Le scat : le terrain de jeu pour la voix dans le jazz
Les amateurs de jazz le reconnaissent à la première écoute. Le scat, c'est cette forme de chant à la fois très ludique et en même temps assez impressionnante, où la voix devient l'actrice principale, et surtout, un instrument à part entière. Sans paroles, sans textes, juste une explosion d'onomatopées, de sons, et bien sûr, de rythmes improvisés. Si les "Scoo-bee-doo-bop", les "doo-wap", ou les "ba-da-bap" donnent l'impression de ne rien vouloir dire, et pourtant, ces sonorités font écho à l'essence même du jazz : la liberté, l'improvisation, et bien sûr, l'émotion brute.
Une naissance accidentelle ?
Selon la légende, l'histoire du scat aurait débuté à cause... d'un joli hasard dans les années 1920. Ce serait une légende du jazz, Louis Armstrong, qui en serait à l'origine. Alors que l'icône est en plein enregistrement de son morceau Heebie Jeebies en 1926, son pupitre, où les paroles de sa chanson étaient posées, aurait basculé en arrière. Mais plutôt que de faire stopper la séance pour récupérer ses paroles, Armstrong aurait préféré continuer à chanter, en improvisant des sons, posant ainsi la toute première pierre du scat. Ce moment historique, qui a d'ailleurs été capturé en studio, marque le début plus ou moins officiel de cette pratique vocale.
Et si Louis Armstrong est très souvent considéré comme le roi du scat, de nombreux artistes ont contribué à faire de cette pratique un art à part entière. Et notamment une, qui a reçu le titre de reine du scat : Ella Fitzgerald. Reconnue pour sa voix hors norme, Ella Fitzgerald était bien plus qu'une chanteuse : c'était une improvisatrice, avec le swing dans le sang. Il faudra attendre une dizaine d'années pour qu'Ella Fitzgerald développe le scat comme son propre langage, enregistrant des morceaux comme "Flying home" (1945), ou "How high the Moon". Avec cette technique, Ella Fitzgerald devient une instrumentiste, devenant elle même son propre instrument.

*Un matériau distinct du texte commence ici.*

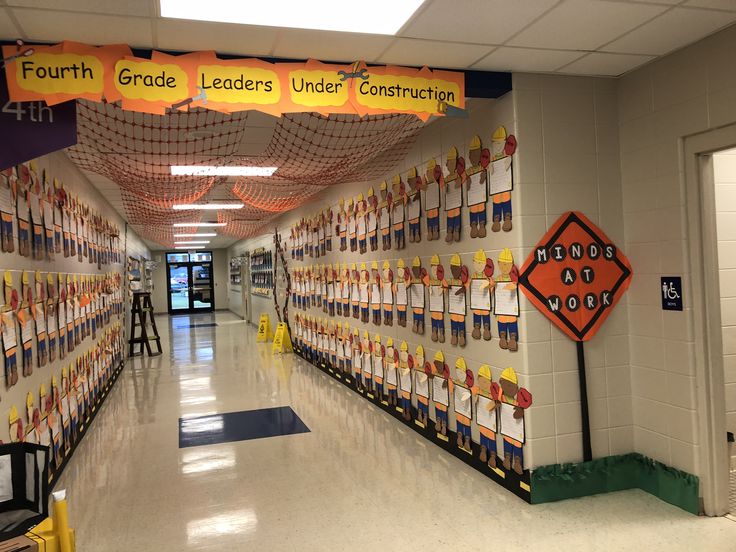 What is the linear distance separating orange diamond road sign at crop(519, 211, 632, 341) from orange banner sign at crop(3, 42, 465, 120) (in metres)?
1.04

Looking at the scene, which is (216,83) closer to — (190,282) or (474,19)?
(474,19)

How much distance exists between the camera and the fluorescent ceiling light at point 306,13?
7.62 ft

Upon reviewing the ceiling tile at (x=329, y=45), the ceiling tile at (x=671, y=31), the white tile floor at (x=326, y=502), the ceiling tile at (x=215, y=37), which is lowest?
the white tile floor at (x=326, y=502)

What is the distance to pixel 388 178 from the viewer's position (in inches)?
211

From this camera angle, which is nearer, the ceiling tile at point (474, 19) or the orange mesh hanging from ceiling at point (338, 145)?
the ceiling tile at point (474, 19)

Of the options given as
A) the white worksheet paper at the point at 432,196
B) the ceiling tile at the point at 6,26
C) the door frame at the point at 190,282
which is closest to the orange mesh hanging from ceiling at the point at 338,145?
the white worksheet paper at the point at 432,196

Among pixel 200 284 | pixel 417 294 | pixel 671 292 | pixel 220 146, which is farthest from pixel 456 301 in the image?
pixel 200 284

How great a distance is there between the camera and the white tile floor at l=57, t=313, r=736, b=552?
116 inches

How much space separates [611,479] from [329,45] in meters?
3.03

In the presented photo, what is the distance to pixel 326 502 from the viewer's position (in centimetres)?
345

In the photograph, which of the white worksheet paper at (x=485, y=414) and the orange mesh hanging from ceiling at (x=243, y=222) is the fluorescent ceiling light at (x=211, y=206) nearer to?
the orange mesh hanging from ceiling at (x=243, y=222)

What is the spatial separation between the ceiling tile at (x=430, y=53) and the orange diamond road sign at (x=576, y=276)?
44.4 inches

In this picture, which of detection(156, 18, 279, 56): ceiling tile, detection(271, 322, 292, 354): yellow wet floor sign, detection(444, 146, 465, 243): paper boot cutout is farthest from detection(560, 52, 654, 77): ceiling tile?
detection(271, 322, 292, 354): yellow wet floor sign

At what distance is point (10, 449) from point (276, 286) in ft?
30.7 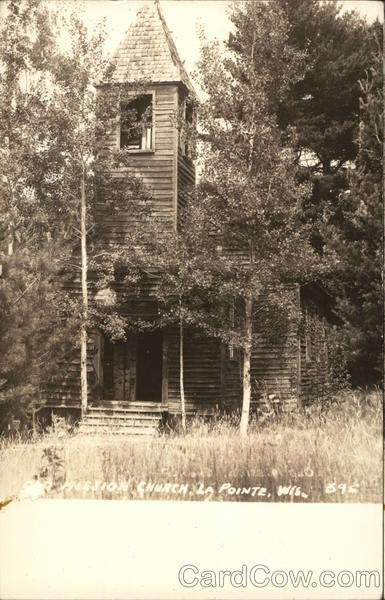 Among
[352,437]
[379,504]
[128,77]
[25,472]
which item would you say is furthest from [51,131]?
[379,504]

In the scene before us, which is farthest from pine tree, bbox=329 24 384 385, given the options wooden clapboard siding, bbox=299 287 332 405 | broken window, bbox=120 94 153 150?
broken window, bbox=120 94 153 150

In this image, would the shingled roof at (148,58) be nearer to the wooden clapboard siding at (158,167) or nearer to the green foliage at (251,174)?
the wooden clapboard siding at (158,167)

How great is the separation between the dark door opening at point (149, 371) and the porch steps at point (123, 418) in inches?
137

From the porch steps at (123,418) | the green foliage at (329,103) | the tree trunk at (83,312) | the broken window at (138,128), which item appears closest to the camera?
the porch steps at (123,418)

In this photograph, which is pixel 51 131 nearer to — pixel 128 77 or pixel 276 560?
pixel 128 77

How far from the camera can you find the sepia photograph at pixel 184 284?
6.87m

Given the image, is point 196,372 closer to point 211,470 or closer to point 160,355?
point 160,355

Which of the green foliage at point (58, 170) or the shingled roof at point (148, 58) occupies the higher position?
the shingled roof at point (148, 58)

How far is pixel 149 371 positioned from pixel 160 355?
1.95 feet

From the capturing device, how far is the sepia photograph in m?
6.87

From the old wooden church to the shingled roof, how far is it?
3 cm

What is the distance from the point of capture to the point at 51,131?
14.2m

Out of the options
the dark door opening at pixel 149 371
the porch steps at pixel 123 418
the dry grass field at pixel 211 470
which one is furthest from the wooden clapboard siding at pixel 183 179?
the dry grass field at pixel 211 470

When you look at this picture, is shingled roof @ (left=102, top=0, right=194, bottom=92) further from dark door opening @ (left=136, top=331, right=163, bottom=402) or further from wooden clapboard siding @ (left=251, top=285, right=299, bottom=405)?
wooden clapboard siding @ (left=251, top=285, right=299, bottom=405) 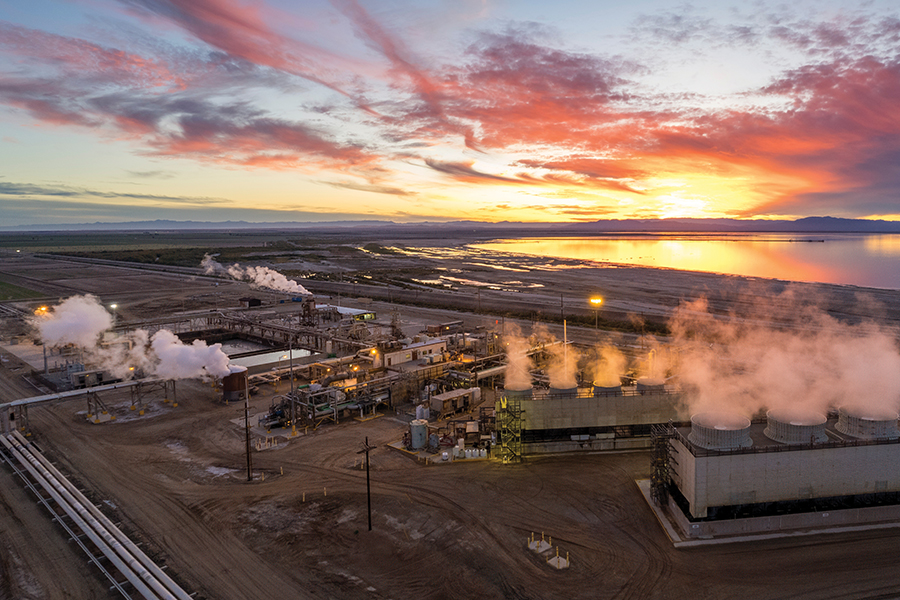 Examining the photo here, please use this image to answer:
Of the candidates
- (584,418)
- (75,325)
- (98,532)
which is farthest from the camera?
(75,325)

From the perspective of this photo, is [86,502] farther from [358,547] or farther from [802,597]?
[802,597]

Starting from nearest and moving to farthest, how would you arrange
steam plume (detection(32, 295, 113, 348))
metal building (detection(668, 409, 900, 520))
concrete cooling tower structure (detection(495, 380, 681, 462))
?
metal building (detection(668, 409, 900, 520))
concrete cooling tower structure (detection(495, 380, 681, 462))
steam plume (detection(32, 295, 113, 348))

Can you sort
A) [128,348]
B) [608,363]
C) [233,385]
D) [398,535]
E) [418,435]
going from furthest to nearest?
[128,348], [608,363], [233,385], [418,435], [398,535]

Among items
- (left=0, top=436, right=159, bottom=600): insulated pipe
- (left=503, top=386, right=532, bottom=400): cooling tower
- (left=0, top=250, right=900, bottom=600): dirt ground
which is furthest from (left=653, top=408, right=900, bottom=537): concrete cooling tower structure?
(left=0, top=436, right=159, bottom=600): insulated pipe

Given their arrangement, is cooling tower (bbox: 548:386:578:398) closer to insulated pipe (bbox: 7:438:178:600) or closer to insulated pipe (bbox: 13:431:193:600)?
insulated pipe (bbox: 13:431:193:600)

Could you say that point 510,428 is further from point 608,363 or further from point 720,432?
point 608,363

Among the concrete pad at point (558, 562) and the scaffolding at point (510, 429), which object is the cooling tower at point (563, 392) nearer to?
the scaffolding at point (510, 429)

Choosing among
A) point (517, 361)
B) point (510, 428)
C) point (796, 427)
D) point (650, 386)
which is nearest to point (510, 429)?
point (510, 428)

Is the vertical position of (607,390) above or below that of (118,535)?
above

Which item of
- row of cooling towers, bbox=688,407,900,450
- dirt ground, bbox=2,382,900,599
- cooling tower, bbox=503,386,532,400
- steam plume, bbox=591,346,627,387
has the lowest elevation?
dirt ground, bbox=2,382,900,599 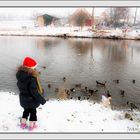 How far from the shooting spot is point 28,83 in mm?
6773

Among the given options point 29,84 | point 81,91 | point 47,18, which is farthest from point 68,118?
point 47,18

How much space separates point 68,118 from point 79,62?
14.9 metres

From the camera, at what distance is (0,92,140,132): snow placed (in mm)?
7731

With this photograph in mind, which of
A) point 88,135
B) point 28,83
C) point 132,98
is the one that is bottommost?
point 132,98

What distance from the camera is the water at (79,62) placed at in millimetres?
16109

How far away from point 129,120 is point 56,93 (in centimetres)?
570

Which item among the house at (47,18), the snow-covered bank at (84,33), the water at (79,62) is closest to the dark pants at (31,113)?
the water at (79,62)

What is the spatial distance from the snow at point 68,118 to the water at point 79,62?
12.8ft

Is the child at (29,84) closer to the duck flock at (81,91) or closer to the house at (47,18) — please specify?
the duck flock at (81,91)

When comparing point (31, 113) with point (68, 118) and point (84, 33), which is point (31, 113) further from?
point (84, 33)

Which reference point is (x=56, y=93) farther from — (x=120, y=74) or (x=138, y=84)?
(x=120, y=74)

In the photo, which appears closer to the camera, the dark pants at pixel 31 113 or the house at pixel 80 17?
the dark pants at pixel 31 113

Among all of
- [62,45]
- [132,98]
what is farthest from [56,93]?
[62,45]

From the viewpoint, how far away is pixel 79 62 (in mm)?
23328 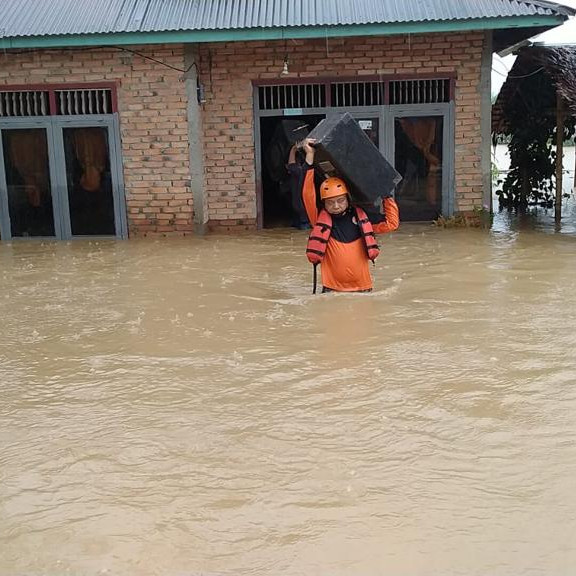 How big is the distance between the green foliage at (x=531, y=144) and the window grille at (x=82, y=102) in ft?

Une pratique particulièrement exigeante
Si on pourrait croire que le scat n'est qu'une succession d'onomatopées sans réflexion en improvisation totale, détrompez vous. En réalité, il s’agit d’une improvisation maîtrisée, ancrée dans une profonde connaissance de la musique. Le chanteur ou la chanteuse va alors remplacer les paroles par des sons expressifs, jouant avec les rythmes, les notes et les inflexions. Le scat exige une oreille très affûtée, une grande souplesse vocale mais aussi un sens de la mélodie particulièrement développé. Il peut imiter la trompette, la contrebasse, ou simplement créer un contrepoint au reste du groupe.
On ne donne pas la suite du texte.